Dataset entries

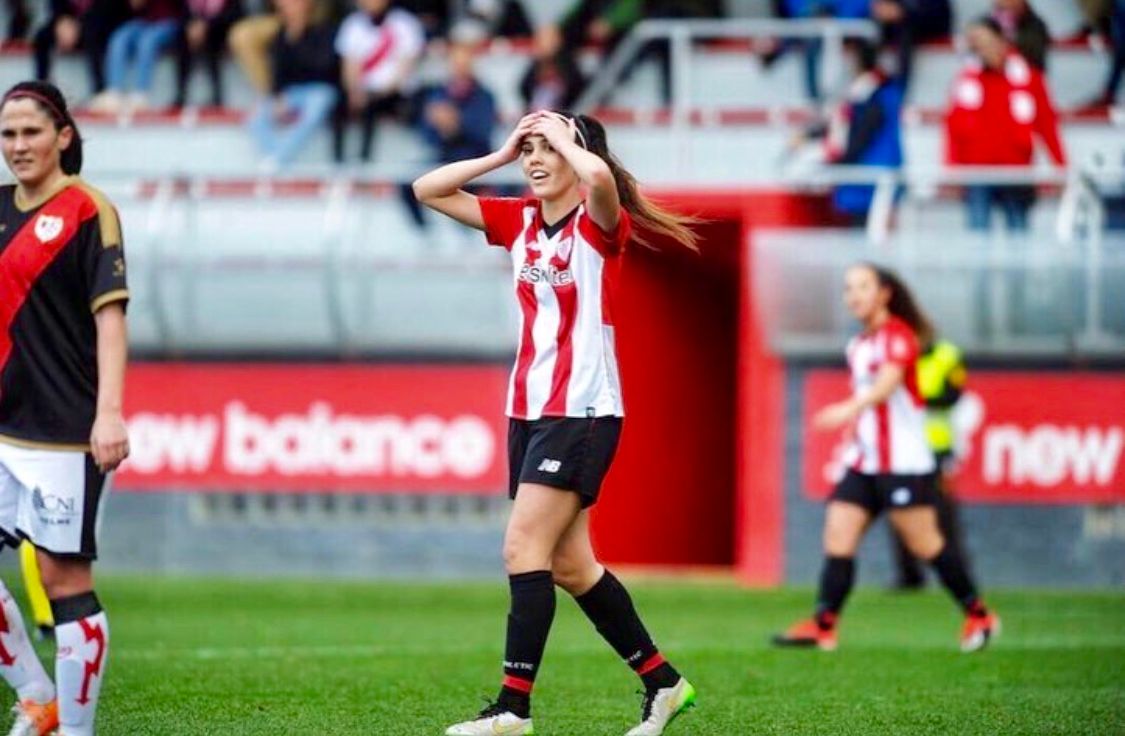 La atacante del Athletic Club Jone Ibañez durante un partido de liga Iberdrola ante el Rayo.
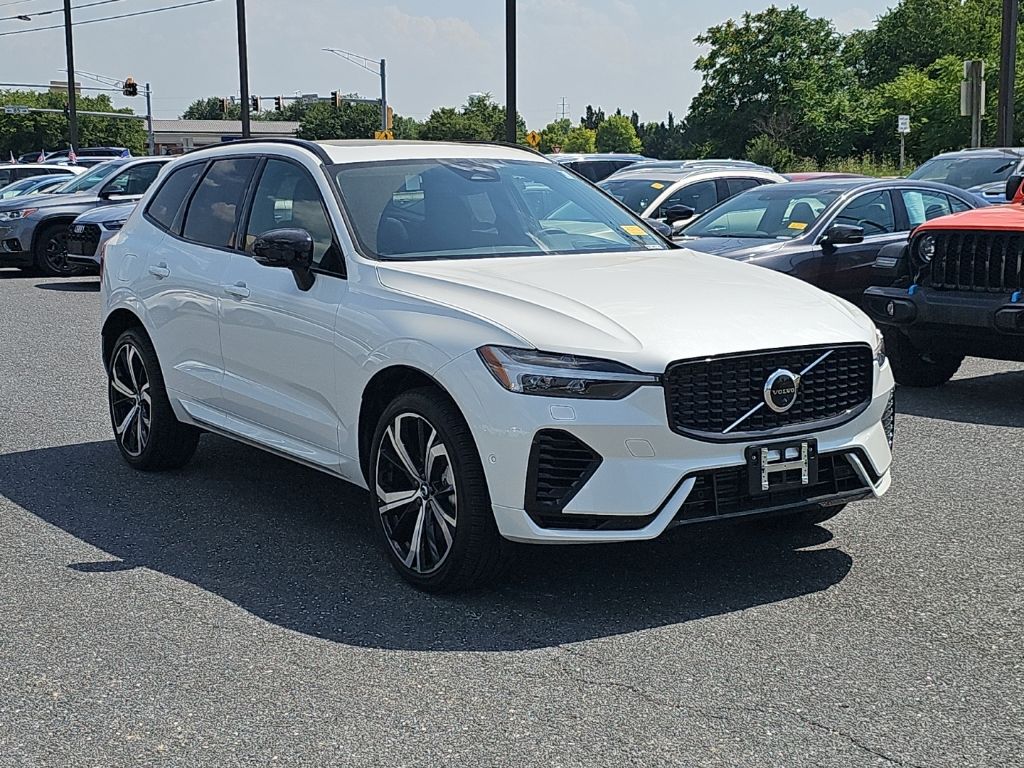 2025 Volvo XC60 T8 Ultra Dark AWD's photo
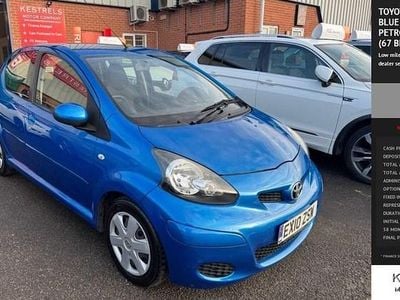 Used Toyota Aygo 67 HP (49 kW) 2010 Blue Hatchback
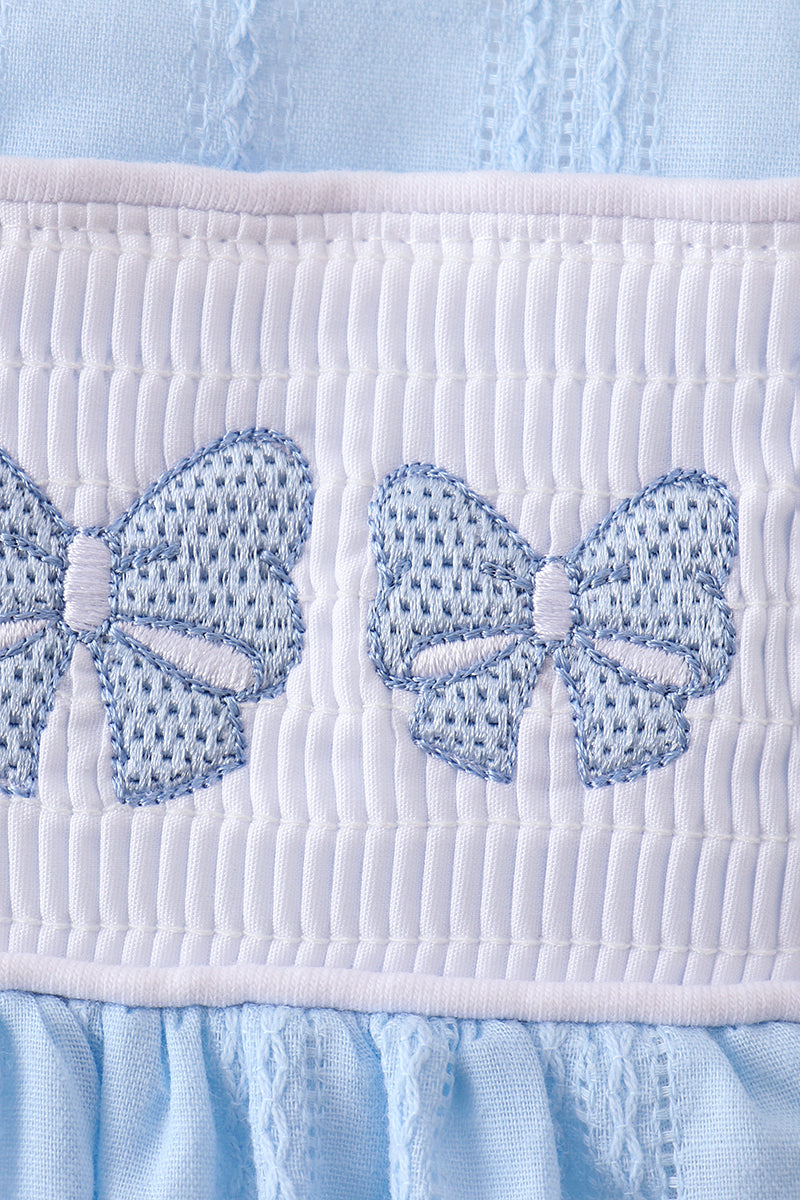 Robe jacquard smockée et brodée à nœud bleu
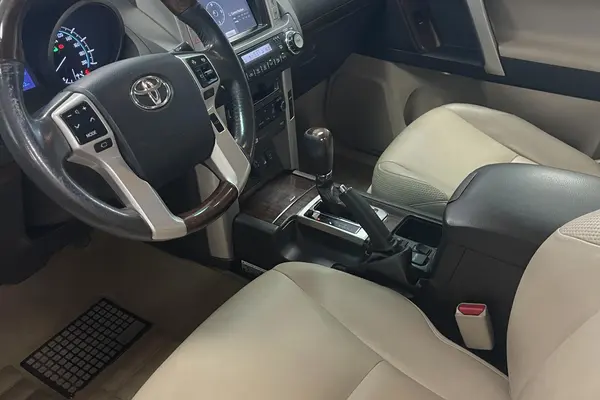 تویوتا، پرادو  چهار در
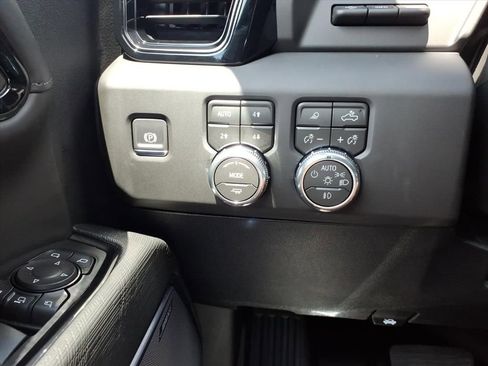 New 2026 GMC Sierra 2500 AT4X AWD/4WD image 19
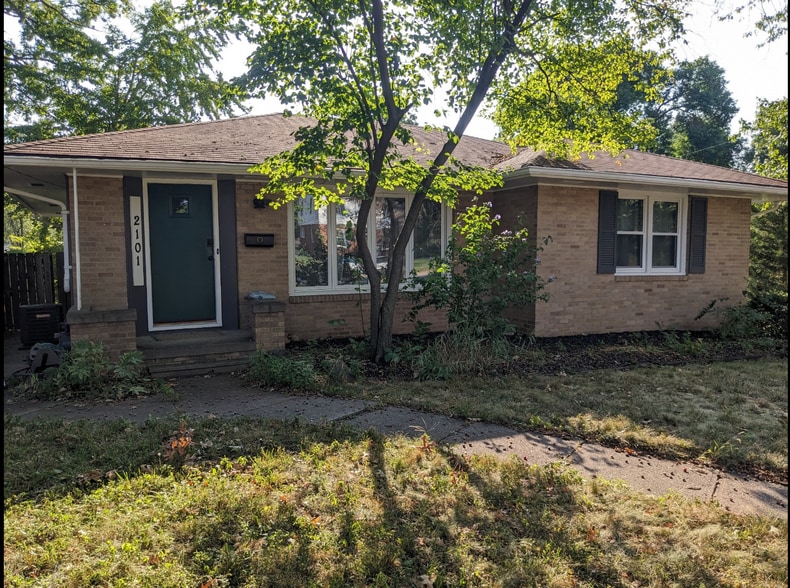 Primary Photo - 2101 30th St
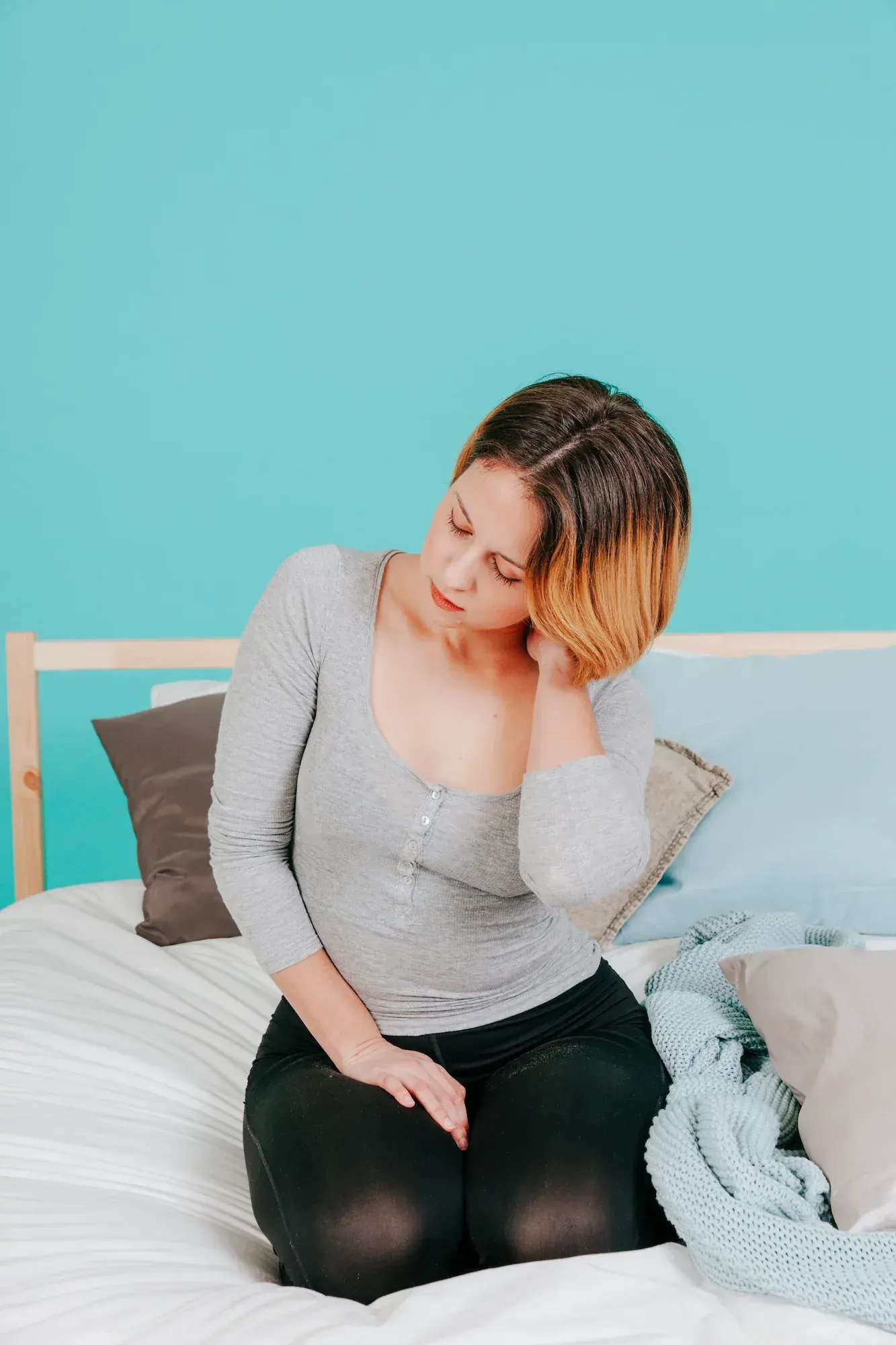 Adult patient considering pelvic floor weakness signs at Gonzales-Vigilar Psychiatric Services Ashburn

= Aim of the exercise =
Give the entries above again, exactly as written and free of images.

= Written answer =
 La atacante del Athletic Club Jone Ibañez durante un partido de liga Iberdrola ante el Rayo.
 2025 Volvo XC60 T8 Ultra Dark AWD's photo
 Used Toyota Aygo 67 HP (49 kW) 2010 Blue Hatchback
 Robe jacquard smockée et brodée à nœud bleu
 تویوتا، پرادو  چهار در
 New 2026 GMC Sierra 2500 AT4X AWD/4WD image 19
 Primary Photo - 2101 30th St
 Adult patient considering pelvic floor weakness signs at Gonzales-Vigilar Psychiatric Services Ashburn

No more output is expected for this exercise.